What's a brotform (also called a banneton or proofing basket)? It's a basket for proofing dough. Looks like these in this link: Brotforms (I didn't buy from here, but they show good pictures).There are a couple reasons to use them. The most useful, is that they help keep the dough ball shape/round. Second reason, is that if you use them without a couche, (flour soaked linen), you get interesting designs on your bread. I've had these brotforms for years, but the only time I tried it, my dough got stuck to it, even though it was well floured, and ruined it. I had to punch down and let it rise again. Since then I was afraid to use them. But, as always, there's a trick to keep things from sticking and that is to dust/flour them with rice flour. Rice flour is like teflon, the bread slides right out.
Back to the story. Well, I have two brotforms, but for some reason, I decided to just make one big loaf and put all the dough in one basket. Probably not a good idea as in an unrisen state, it filled the basket about 3/4s. But, I forged ahead anyway. I started the oven, and 30 minutes later, I put the dough in.
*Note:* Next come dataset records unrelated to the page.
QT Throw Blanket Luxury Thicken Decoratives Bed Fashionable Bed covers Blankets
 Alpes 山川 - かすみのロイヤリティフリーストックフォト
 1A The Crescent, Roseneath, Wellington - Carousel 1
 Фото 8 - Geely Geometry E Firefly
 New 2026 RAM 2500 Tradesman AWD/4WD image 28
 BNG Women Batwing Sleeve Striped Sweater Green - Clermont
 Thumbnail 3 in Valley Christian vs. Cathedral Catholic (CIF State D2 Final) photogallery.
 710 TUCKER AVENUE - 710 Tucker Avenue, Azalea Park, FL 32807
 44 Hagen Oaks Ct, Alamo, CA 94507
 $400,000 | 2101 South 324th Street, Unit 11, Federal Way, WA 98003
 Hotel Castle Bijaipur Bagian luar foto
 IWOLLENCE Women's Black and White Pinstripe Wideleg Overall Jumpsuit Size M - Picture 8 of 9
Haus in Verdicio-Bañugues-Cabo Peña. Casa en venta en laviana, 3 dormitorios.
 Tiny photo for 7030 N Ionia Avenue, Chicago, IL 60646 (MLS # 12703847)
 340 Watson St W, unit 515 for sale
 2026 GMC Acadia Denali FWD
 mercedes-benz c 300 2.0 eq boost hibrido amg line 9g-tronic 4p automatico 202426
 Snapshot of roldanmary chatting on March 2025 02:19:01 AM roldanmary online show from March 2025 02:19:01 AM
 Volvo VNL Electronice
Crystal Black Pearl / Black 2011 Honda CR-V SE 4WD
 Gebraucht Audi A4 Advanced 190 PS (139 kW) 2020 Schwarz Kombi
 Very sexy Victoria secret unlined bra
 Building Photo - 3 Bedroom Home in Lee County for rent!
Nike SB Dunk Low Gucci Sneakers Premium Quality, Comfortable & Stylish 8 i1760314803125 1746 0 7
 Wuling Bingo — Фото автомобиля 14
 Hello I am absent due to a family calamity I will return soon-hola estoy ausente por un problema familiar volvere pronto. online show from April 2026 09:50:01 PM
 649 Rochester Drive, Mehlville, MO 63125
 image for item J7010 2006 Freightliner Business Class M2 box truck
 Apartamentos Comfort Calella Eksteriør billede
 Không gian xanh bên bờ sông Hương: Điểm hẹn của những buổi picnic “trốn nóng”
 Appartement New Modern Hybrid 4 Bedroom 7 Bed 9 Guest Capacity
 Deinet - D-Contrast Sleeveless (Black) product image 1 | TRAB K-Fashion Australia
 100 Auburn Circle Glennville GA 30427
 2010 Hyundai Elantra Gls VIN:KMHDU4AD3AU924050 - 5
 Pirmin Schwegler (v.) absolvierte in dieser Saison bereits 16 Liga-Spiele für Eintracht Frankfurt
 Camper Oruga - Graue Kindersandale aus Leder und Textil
I know this is too soon, but my dough was already getting over the top of the brotform. I wasn't feeling well, and the last time I let it rise longer, it became overproofed. So, I got a piece of parchment paper (reused it from last time), placed it over the basket, got my epicurean pizza peel, placed it over the brotform, grabbed the basket from below while still holding the peel, and flipped it all over. I removed the basket, and like magic, it slid out - phew!
Now, to score the loaf. Again, no problem. I can see the loaf is very quickly sliding outwards as it's a really wet dough, but everything is ready, so I quickly get to the oven, slide the bread and parchment paper onto the baking stone, pour one glass of water until the cookie pan below and closed it up to see how it would go.
This is how it looked when I put it in the oven:
Ten minutes later:
And then done:
It looks great, but... I'm a bit worried. This is supposed to make a HUGE loaf - like 12" wide. Mine is 9". This one loaf normally two loaves. It's maybe one and a half times bigger, but it could be only one and a third bigger.
Again the moment of truth is waiting for me - how is the inside? Will I get a brick? Sure hope not! I'll update the results later. Keep your fingers crossed for me.
I was at first convinced it was going to be a brick. Even slicing in, it seemed a bit dense, which it probably is a bit, but it's very tasty and has a very nice texture. The kids devoured a couple slices and my mother in law gave a stamp of approval, so I am getting better with each loaf.
And the crumb as they call it. It's like a memory foam mattress - you squish it, and it bounces right back in a very pleasing way. Though I think it must taste better than memory foam!